Research Projects

The aryl hydrocarbon receptor (AHR) modulates both tumor’s intrinsic malignancy and anti-tumor immunity, thereby acting as a master regulator of tumor progression. However, in a very cell type-, ligand- and context specific manner, AHR can exert both tumor-promoting and tumor-suppressive effects. These opposing effects of AHR are likely derived from the complexity of AHR activation mechanisms and biological functionality. Even though the role of AHR in tumor maintenance and aggression has been widely been reported, in contrast the mechanism of AHR crosstalk with other signaling pathways and AHR agonist-induced carcinogenesis has largely escaped scientific scrutiny. Therefore, to utilize the AHR as a viable target entity for cancer therapy, an exhaustive understanding of AHR biology, its crosstalk and its mechanistic roles in not just tumor progression and maintenance but also in tumorigenesis is of utmost importance. However, until very recently the context specificity of AHR biological functions prevented comprehensive investigation of AHR across all human cancers. Combining the power of natural language processing (NLP) and gene expression analysis, we have previously developed and patented a pan-tissue AHR signature, which in combination with the proposed laboratory experimentations using gene expression analysis, metabolic as well as protein analysis, places us in a unique position to investigate and delineate the AHR activation mediated carcinogenesis.
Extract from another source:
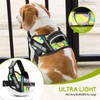 Service Dog Vest Harness and Leash Set, Animire in Training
This proposed study to identify (a) AHR cross talk with other signaling pathways, (b) the molecular mechanisms underlying the AHR activation mediated carcinogenesis and (c) theranostic potential of AHR activation, will facilitate (i) a clear understanding of AHR crosstalk mediated tumor maintenance and progression; thus aiding the development of tailored clinical interventions for targeting AHR dependent cancers for precision therapies; (ii) the stratification of cancer patients, thus enabling identification of patients in which AHR activation contributes to tumorigenesis and to subsequent clinical outcomes.